Let’s invest in a Trump Administration

Welcome to the WC, wherein you’re trapped in my mind for eight to ten minutes weekly.

I’m writing this as US election results continue to roll in, but at this point, a Trump victory looks highly likely.

Today’s edition will build on July’s ​investment climate analysis given a Trump win​, so you may want to begin there.

  1. What has Trump Promised?
  2. Residential real estate
  3. Estonia’s startups under threat
  4. Increased demand for tangible assets
  5. Everything else

And just in case Harris pulls out the W, ​here’s​ my analysis.

Let’s go.

What has Trump Promised?

Let’s all get on the same page from an assumptions point of view.

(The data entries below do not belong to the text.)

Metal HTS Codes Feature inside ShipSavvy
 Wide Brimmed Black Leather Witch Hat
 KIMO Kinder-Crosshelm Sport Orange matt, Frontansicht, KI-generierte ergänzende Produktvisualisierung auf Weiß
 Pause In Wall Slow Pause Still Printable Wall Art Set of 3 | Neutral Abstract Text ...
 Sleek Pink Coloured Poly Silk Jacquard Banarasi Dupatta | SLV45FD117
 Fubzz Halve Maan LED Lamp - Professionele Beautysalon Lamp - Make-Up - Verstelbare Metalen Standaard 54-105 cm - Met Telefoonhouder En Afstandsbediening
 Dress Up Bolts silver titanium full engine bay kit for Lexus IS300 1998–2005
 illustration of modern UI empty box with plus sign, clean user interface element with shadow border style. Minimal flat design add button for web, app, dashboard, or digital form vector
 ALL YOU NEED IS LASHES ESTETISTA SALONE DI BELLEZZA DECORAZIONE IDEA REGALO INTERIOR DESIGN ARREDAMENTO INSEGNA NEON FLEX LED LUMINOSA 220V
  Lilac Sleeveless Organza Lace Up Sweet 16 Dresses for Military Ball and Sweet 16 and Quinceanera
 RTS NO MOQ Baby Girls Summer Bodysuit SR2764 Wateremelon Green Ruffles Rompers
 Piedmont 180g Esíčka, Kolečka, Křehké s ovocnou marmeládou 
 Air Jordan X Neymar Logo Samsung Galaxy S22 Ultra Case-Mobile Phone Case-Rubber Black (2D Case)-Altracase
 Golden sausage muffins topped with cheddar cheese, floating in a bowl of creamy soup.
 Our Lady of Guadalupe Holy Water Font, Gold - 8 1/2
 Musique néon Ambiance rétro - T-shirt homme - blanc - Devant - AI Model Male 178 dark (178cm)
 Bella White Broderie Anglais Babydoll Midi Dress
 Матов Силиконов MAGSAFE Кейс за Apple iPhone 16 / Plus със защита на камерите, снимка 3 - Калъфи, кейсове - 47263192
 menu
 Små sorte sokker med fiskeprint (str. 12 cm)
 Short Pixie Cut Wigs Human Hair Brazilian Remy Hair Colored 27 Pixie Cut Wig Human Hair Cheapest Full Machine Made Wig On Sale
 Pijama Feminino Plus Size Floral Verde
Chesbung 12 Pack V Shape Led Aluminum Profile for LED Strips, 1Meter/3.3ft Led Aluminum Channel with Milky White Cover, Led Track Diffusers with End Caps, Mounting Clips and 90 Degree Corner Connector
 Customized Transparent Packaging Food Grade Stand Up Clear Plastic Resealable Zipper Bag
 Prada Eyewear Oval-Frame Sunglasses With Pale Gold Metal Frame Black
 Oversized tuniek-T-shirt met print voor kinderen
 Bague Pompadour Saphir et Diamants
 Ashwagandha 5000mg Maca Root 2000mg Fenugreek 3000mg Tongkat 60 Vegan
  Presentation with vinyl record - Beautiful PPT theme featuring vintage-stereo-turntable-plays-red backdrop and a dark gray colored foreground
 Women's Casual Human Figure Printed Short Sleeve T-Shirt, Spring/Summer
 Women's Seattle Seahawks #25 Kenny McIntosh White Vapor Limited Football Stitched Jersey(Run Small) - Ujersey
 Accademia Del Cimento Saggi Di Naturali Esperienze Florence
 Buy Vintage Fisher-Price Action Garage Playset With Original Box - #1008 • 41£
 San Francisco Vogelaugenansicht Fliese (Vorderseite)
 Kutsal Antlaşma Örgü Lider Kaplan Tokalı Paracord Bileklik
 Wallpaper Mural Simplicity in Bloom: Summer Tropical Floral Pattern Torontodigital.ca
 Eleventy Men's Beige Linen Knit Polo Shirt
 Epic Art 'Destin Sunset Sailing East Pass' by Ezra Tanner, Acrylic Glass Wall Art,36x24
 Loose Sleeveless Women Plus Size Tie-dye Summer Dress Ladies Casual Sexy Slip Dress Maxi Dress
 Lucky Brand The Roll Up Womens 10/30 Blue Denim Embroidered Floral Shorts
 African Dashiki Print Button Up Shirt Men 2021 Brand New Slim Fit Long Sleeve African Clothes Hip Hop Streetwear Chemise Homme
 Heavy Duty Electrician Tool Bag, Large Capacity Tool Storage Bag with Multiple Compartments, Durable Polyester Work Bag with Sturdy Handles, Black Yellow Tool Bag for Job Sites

Former President Trump made many promises during his campaign, but we’ll focus on and take these as a given*:

Tariffs

The specifics are loose, but Trump has proposed widespread protectionist tariffs. The best guess is they’ll look something like:

  • China – 60%
  • Mexico – 10%
  • EU – 10%
  • Everywhere else – 20%

Trump has mentioned even higher tariffs in some cases, such as up to 100% or even 200% on certain goods from Mexico, particularly automobiles.

Mass deportation

Trump has promised to deport around 11 million undocumented immigrants from the US. These people mostly live and work in New York, Southern California, Texas, Florida, Chicago, DC, Atlanta, and Arizona. They comprise between 5% and 8% of the population in those areas.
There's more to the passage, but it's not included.